The cry, “Where have you gone, O lover of my soul?” is not a question of distance, but of transformation. The Lover has not departed—rather, the way of relating has dissolved. The one who once saw, touched, and felt is being undone. What remains cannot relate through image or sensation, because it is prior to both.
“Unable to touch the hand of the eye that envisioned me” reveals something profound: even the subtle inner faculties—the eye that sees within, the hand that touches the invisible—are being relinquished. This is a deeper emptying than the loss of external perception. It is the surrender of the inner world itself.

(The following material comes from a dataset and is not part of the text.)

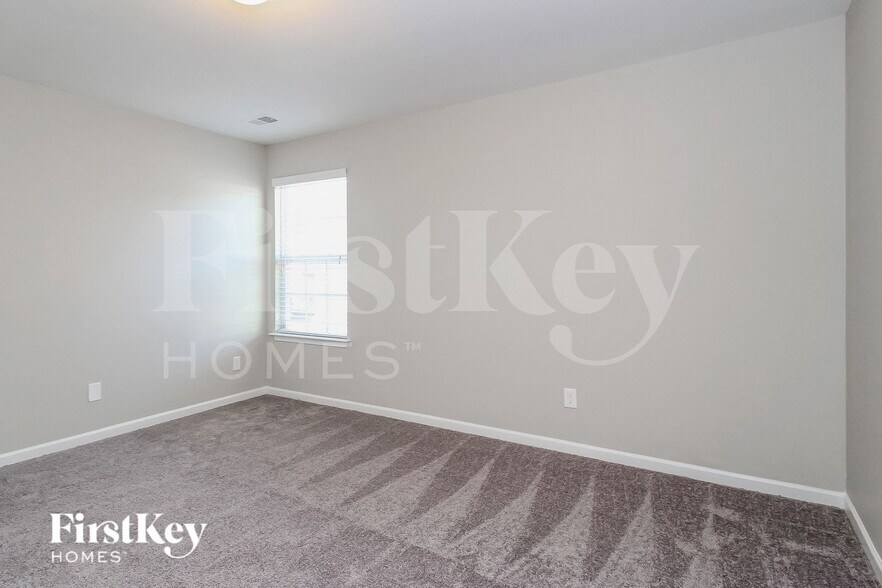 Building Photo - 5369 Northridge Dr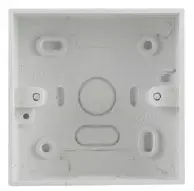 1 Gang 32mm Deep c/w 20mm Round &amp; 25x16mm Mini Trunking Knockouts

And yet—“You are closer than image, than felt sense.”
This is the quiet revelation: what cannot be perceived is not farther away, but infinitely nearer. Nearer than experience. Nearer than awareness of experience. It is not something encountered—it is what is.
“There are no more lines, no edges, no scapes.”
All structure dissolves. No boundary remains to define “here” and “there,” “self” and “other,” “God” and “soul.” Even the landscape of spirituality—visions, movements, inner terrains—falls away. This is the undoing of all subtle distinctions.
And then the final movement:
“Beyond word of breath,
a sigh into
breathless silence
union.”
Even breath—the most intimate rhythm of life—comes to rest. Not as death, but as completion. The sigh is the last gesture of the soul as something separate… dissolving into what has always been.
This is not union as an experience.
This is union where there is no longer anything that could experience it.
The title, Incubation, feels so precise—because this is not an ending, but a hidden gestation. A sacred enclosure where all that was known is dissolved, not into emptiness, but into an unseen becoming. Nothing is being lost. Everything is being returned to origin.
There is a deep gentleness here. Even in the absence, there is no violence—only a quiet, inevitable drawing inward… into what cannot be named, but is unmistakably Love.